The small item was in the 75 years ago column dating back to 1936.
The article read: "Joe Lucas, 14, of Linton, took 10 lashes with a leather whip today as punishment for his third conviction for petty larceny. He pleaded guilty to having stolen 10 sacks from a mill.
"Given a choice between a jail sentence and a licking, he took the latter, which was administered by his father."
Now this might be a bit extreme. Dishing out "lashes" does sound a bit harsh on the surface, but it illustrates the importance of discipline.
A local judge realized that fact and probably saved young Joe Lucas from a more serious life of crime in his future.
I don't know if the Joe Lucas in this story is still alive or not. He would be about 95 now, but the short story rekindled some thoughts I have about corporal punishment and the effectiveness of this form of discipline.
I know spanking is a personal decision and in this lawsuit-happy era we live in, I realize that many parents don't have a very high opinion of paddling their children.
I was raised for the most part by a single Mom, who didn't hesitate to whip my backside with a belt or swat me on the legs with a fresh cut maple switch that I had to go chop from the tree myself.
She hadn't heard about the modern-day version of discipline called "time-outs."
When I disobeyed -- which was often until I realized the sting of the rod was not too pleasant -- I was dealt with appropriately.
My mother preferred to dish out a good, old-fashion form going to the woodshed "whoopin'."
I wasn't mistreated or just beat on.
When I got whacked it was for a reason.
But when the rules of the Schneider home were broken, my Mom was the prosecutor, the judge and the jury when it came to handing down punishment.
There was no defense testimony taken.
Through my mother I quickly learned what my boundaries were, and knew what would happen if I crossed that invisible, but understood line.
Those boundaries were reinforced during my elementary school years at the parochial school I attended.
The staff at St. Paul School didn't hesitate to use the paddle, if it was necessary.
I remember vividly the routine when you got sent to the office for disciplinary reasons. You usually got a paddling.
The old school had polished wooden floors and you could hear every step by the student heading to the office. They always left the classroom doors open I think so we could hear the fateful march to the office.
I only received paddling at school one time to my recollection.
It was nothing I did. It is for what I wouldn't do.
I refused to snitch on a classmate who put a tack on someone's seat.

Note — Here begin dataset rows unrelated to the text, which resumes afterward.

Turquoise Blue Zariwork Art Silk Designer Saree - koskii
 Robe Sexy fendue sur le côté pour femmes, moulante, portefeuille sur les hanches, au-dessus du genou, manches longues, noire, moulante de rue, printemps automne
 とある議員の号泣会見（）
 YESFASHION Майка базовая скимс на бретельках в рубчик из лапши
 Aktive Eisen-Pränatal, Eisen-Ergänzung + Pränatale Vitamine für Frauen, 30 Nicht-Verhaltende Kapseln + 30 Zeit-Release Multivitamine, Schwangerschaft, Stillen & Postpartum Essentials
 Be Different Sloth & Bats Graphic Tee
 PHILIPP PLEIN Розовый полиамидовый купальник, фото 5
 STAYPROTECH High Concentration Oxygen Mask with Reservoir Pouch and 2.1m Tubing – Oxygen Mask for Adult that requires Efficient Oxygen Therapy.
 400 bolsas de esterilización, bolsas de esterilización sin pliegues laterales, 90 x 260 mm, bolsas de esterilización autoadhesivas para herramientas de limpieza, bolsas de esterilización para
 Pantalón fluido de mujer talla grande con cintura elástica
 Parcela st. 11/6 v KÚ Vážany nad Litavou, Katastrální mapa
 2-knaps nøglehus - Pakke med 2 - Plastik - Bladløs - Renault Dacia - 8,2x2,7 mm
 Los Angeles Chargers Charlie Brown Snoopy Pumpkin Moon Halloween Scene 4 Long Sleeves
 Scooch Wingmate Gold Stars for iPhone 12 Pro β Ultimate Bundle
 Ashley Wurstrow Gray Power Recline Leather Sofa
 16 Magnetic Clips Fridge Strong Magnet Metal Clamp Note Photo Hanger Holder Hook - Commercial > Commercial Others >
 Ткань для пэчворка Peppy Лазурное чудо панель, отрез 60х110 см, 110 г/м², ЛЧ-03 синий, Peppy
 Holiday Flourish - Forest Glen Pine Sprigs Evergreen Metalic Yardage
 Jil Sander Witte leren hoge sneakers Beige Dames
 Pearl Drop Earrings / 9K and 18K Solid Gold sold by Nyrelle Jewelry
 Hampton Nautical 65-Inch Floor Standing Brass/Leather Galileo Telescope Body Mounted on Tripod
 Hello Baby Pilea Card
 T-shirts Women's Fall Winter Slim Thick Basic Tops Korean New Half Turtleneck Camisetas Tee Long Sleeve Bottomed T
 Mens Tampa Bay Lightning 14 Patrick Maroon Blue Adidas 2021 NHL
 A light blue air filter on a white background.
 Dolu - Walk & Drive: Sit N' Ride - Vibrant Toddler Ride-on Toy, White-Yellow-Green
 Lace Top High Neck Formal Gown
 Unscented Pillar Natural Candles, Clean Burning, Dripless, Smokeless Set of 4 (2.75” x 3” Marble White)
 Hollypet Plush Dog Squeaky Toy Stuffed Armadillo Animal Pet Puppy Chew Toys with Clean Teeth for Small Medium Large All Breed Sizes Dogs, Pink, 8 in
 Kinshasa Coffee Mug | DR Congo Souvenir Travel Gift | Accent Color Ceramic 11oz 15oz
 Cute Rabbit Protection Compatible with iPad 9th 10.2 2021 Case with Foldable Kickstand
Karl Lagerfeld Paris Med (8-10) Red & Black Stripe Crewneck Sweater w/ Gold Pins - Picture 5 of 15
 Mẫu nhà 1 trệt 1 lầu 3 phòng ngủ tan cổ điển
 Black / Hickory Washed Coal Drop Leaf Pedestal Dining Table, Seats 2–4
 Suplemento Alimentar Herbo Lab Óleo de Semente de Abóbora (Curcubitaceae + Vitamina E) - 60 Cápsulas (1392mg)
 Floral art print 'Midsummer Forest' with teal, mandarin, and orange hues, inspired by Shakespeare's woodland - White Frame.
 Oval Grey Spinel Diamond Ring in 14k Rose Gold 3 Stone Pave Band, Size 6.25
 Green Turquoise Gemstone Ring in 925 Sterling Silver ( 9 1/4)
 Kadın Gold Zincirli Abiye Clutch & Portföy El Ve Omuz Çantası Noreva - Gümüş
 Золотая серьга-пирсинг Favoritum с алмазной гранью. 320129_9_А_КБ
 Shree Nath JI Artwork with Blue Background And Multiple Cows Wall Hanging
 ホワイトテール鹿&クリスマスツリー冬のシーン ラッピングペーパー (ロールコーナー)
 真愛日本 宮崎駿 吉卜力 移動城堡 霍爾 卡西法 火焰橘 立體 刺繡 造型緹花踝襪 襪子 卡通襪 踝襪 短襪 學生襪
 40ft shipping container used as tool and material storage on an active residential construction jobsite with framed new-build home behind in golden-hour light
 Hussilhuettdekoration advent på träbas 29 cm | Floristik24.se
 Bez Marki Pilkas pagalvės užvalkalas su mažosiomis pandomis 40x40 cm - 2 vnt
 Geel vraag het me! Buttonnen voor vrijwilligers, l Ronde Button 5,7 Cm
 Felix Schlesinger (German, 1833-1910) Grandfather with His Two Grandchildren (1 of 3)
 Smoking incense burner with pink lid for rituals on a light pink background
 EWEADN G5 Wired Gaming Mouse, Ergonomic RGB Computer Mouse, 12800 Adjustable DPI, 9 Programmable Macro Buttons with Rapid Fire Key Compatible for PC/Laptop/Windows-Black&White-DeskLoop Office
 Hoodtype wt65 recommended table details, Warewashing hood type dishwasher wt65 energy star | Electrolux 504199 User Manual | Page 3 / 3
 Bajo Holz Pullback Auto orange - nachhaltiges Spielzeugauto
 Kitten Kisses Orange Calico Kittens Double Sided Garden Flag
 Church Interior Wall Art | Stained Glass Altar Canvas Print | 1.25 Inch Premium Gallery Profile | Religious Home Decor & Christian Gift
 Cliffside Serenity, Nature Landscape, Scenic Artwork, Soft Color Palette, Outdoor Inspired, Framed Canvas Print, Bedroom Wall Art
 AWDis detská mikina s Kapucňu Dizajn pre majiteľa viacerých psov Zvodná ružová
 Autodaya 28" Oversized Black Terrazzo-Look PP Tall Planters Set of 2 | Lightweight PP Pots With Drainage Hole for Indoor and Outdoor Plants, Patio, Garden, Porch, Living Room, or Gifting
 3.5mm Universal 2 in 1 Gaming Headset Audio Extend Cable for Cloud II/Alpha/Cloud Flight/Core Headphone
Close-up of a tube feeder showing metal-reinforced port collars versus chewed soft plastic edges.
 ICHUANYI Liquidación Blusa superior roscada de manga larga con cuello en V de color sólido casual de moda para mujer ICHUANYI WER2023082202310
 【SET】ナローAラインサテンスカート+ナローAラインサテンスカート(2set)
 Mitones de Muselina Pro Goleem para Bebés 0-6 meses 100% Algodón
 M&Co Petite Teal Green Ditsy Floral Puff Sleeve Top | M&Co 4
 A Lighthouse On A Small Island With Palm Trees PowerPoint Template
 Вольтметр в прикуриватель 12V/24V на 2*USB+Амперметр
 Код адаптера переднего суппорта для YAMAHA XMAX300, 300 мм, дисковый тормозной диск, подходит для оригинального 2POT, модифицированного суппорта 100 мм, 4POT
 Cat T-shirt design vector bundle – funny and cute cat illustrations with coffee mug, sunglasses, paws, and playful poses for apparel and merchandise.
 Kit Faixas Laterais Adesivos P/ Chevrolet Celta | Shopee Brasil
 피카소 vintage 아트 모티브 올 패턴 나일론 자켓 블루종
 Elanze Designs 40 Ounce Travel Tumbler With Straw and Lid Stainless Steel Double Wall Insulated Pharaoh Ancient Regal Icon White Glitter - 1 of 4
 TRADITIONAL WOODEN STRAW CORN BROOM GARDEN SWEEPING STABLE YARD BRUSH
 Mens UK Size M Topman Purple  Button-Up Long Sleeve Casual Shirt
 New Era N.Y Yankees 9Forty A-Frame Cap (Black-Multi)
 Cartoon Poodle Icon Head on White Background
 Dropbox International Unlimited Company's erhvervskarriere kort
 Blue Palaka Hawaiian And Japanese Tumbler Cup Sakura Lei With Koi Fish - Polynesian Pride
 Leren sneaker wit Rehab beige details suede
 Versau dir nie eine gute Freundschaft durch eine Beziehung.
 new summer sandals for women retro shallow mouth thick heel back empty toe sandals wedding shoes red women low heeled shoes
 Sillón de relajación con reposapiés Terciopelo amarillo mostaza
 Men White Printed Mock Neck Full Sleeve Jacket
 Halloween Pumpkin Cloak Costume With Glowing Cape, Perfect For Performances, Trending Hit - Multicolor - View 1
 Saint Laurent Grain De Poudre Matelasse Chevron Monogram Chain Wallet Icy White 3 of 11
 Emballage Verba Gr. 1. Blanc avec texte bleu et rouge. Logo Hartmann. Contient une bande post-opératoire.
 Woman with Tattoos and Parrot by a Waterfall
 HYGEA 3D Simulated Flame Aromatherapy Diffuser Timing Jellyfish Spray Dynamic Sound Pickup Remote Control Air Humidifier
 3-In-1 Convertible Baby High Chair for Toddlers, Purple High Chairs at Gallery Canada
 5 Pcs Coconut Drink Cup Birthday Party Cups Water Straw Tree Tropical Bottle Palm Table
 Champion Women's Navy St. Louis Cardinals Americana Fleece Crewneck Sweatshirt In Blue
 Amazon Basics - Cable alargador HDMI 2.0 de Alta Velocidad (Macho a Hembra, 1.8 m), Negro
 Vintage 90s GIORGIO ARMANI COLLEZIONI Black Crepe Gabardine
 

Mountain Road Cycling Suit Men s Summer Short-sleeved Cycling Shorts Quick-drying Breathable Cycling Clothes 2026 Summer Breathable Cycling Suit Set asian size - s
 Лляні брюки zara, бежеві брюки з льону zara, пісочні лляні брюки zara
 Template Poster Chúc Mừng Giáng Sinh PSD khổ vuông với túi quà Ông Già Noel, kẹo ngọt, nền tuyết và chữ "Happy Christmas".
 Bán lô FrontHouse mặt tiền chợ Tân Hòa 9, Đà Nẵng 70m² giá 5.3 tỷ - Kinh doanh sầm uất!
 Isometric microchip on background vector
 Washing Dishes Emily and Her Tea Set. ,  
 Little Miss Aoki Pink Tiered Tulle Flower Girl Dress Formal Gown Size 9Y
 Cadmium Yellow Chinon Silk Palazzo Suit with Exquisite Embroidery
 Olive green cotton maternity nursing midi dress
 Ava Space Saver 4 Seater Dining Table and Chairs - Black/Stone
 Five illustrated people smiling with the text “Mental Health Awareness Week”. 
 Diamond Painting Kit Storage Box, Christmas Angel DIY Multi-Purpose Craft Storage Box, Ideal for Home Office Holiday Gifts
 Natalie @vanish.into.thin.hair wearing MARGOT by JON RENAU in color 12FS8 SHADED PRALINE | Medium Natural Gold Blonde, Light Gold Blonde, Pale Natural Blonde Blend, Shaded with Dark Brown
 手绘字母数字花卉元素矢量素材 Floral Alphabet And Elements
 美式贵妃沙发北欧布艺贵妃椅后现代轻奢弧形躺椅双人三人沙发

The reason for not telling was a sensible one. The kid that put the tack on the seat was big and he was a bully. I figured three licks with the wooden paddle from Mr. Evrard would be less painful than the beating I and four others would have gotten from the big, muscle-packed classmate.
Perhaps the most memorable whipping I ever got was administered from the mother of my best childhood friend.
I was about 12.
It seems we weren't very smart and didn't fully analyze the consequences of smoking a cigarette while perched up in a peach tree in my friend's backyard. His mother smelled the smoke and that turned into big trouble for both of us when we landed on the ground after she ordered us out of the fruit tree.
Grabbing each of us by an arm, she took us in the house and whipped us with a wide brown colored belt.
I don't really know how many whacks I got, but afterward she told me to go home.
Well, when I arrived at my house about a block away my mother was standing on the porch wide-eyed and holding a belt.
My friend's Mom had relayed what had happened and the consequences were memorable.
I got another good whipping on an already seared backside and I can tell you, I didn't even think about smoking another cigarette until after I was in college. It made a lasting impression.
I don't think a simple "time-out" would have been near as effective when it came to giving me the kind of discipline that would have changed the way I was thinking.
When your backside is hurting, it has a lasting way of reminding your brain why it got into that predicament.
I'm sure 14-year-old Joe Lucas from Linton knew exactly what I'm talking about after he took his 10 lashes with a leather whip back in 1936.